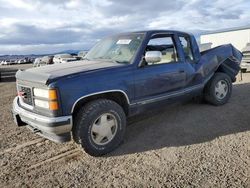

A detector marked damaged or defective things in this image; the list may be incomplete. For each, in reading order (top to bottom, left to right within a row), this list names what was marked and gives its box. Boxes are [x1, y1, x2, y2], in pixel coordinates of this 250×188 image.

damaged body panel [12, 29, 242, 156]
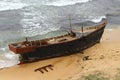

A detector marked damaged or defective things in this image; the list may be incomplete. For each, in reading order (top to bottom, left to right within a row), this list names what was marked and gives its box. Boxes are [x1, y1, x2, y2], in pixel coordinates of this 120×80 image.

wrecked wooden boat [8, 19, 107, 63]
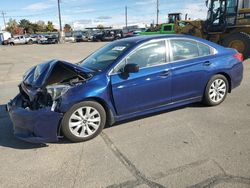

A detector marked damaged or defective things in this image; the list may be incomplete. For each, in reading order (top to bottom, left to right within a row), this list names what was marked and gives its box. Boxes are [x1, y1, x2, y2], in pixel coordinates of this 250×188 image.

crumpled front bumper [6, 94, 63, 143]
damaged front end [6, 59, 92, 143]
broken headlight [46, 84, 70, 100]
crack in pavement [100, 132, 167, 188]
------------------------------------
ASSIGNED TASK:
Reproduce every record above word for word. Leave the pictures out.

EXERCISE SOLUTION:
A detector marked damaged or defective things in this image; the list may be incomplete. For each, in reading order (top to bottom, left to right within a row), this list names what was marked and gives its box. Boxes are [x1, y1, x2, y2], in pixel coordinates of this 250×188 image.

damaged body panel [12, 29, 242, 156]

A detector marked damaged or defective things in this image; the list may be incomplete. For each, in reading order (top to bottom, left to right within a row), this list names what was marked and gives its box. Boxes are [x1, y1, x2, y2], in pixel coordinates of this 120×80 image.

wrecked wooden boat [8, 19, 107, 63]

A detector marked damaged or defective things in this image; the list may be incomplete. For each, in reading order (top to bottom, left to right within a row), this list names what was marked and gives its box. Boxes are [x1, y1, x2, y2], in pixel coordinates of this 250×188 image.

crumpled front bumper [6, 94, 63, 143]
damaged front end [6, 59, 92, 143]
broken headlight [46, 84, 70, 100]
crack in pavement [100, 132, 167, 188]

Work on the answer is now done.